> WORK ITEM: Print the whole listing again exactly as it stands, leaving out any images.

> DATA SHOWN:
- - -
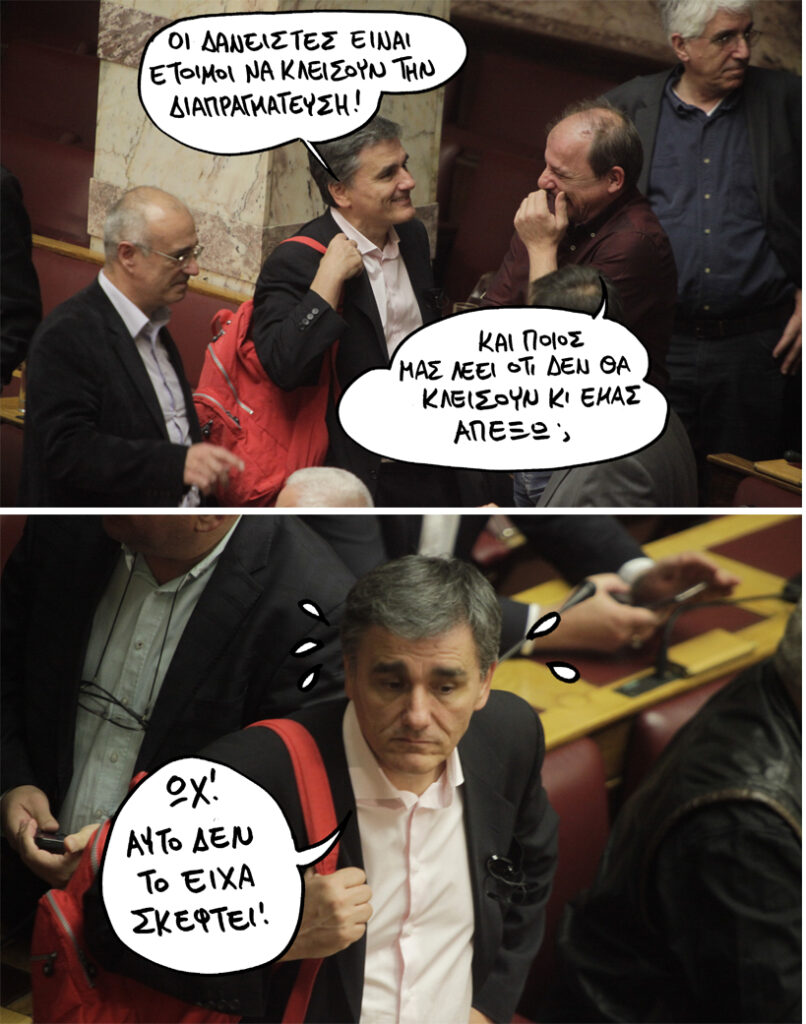 28-12-2016 - Media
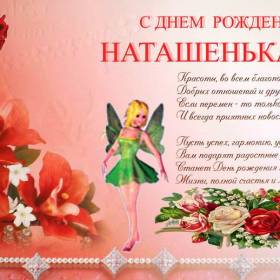 Поздравляем Ломаеву Наталью, гр Матрица, с днем рождения!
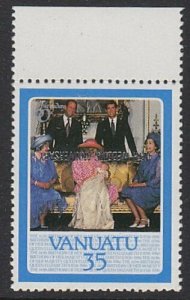 VANUATU 1987 Queen 40th Wedding - INVERTED OVERPRINT - MNH..................L543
- - -
> RESULT:
 28-12-2016 - Media
 Поздравляем Ломаеву Наталью, гр Матрица, с днем рождения!
 VANUATU 1987 Queen 40th Wedding - INVERTED OVERPRINT - MNH..................L543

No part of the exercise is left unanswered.